··· PROVIDED RECORDS
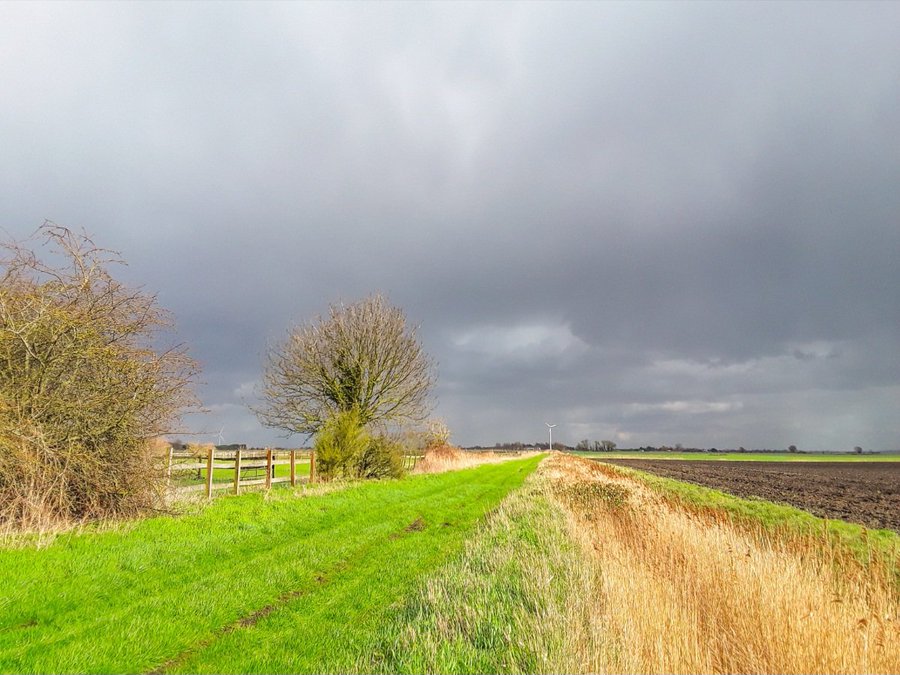 Steve Jackson tweet media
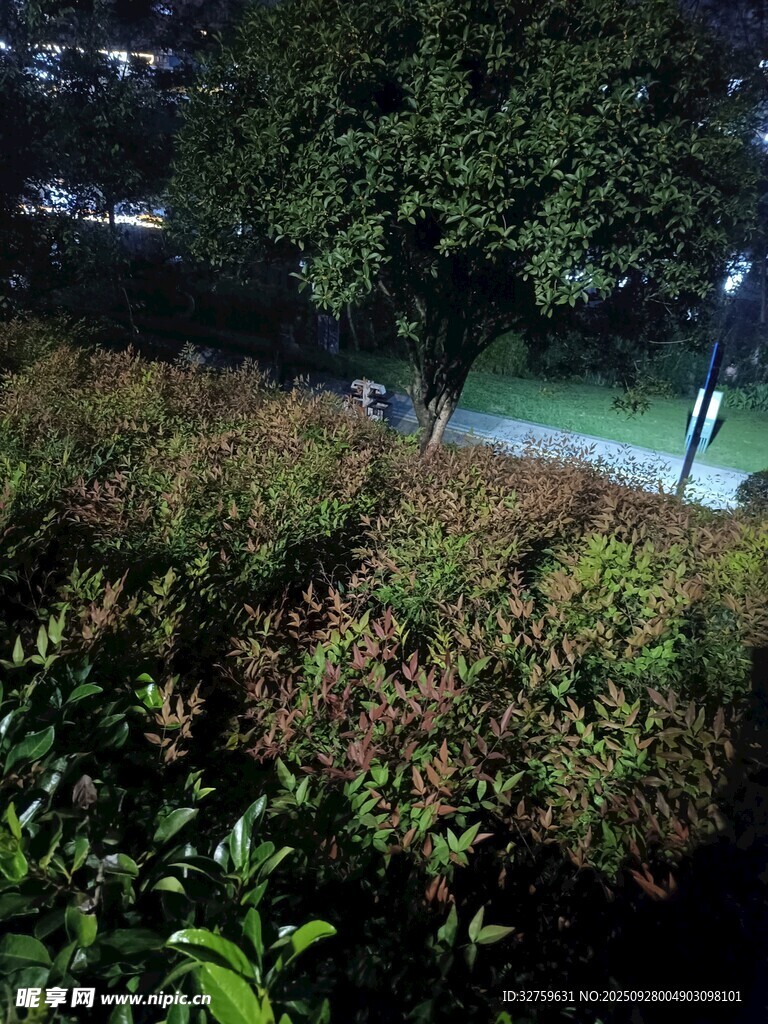 夜晚綠植景觀
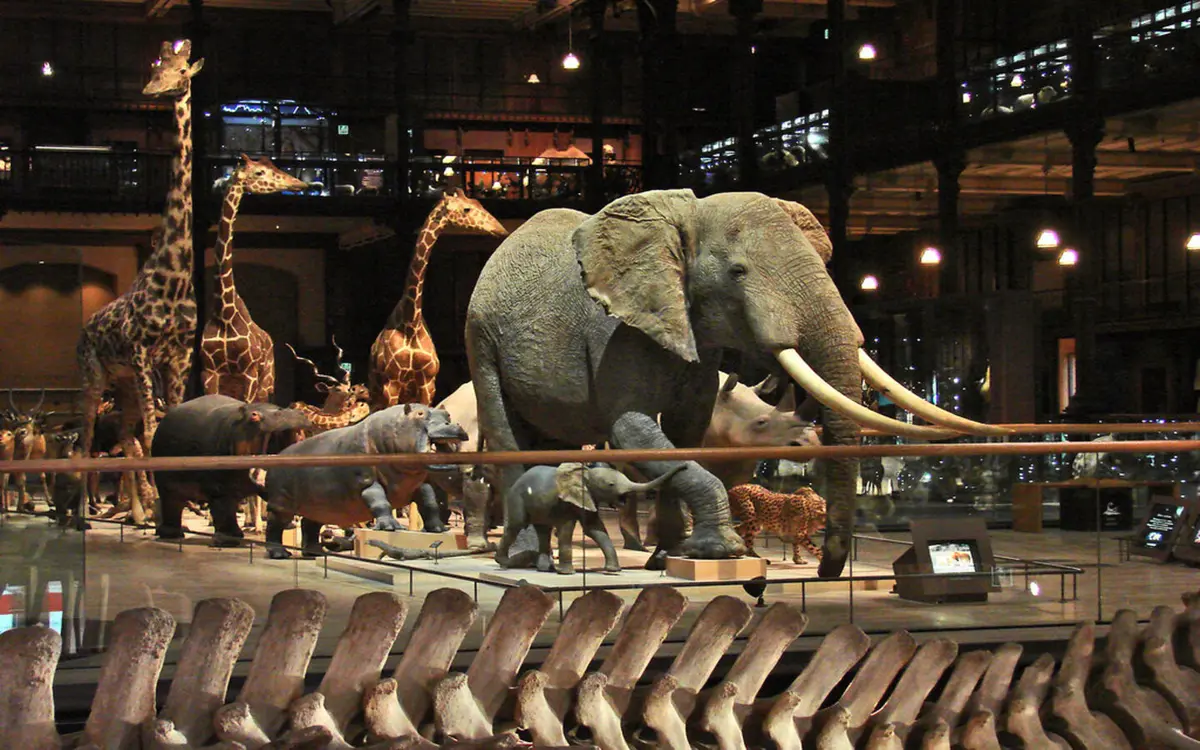 Balade muséale « Muséum d’Histoire Naturelle - Paris »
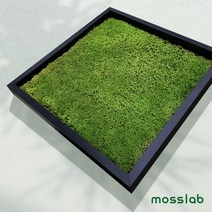 [모스랩] 살아있는 이끼액자 인테리어 효과는 기본 반려식물 키우는 가장 쉽고 현명한 방법, 블랙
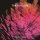 WEWANTSOUNDS PRESENTS / VARIOUS - TOKYO PULSE (JAPANESE FUNK, MODERN SOUL & CITY POP FROM - CD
······
All entries must be output exactly as they stand, and every picture must be left out.

 Steve Jackson tweet media
 夜晚綠植景觀
 Balade muséale « Muséum d’Histoire Naturelle - Paris »
 [모스랩] 살아있는 이끼액자 인테리어 효과는 기본 반려식물 키우는 가장 쉽고 현명한 방법, 블랙
 WEWANTSOUNDS PRESENTS / VARIOUS - TOKYO PULSE (JAPANESE FUNK, MODERN SOUL & CITY POP FROM - CD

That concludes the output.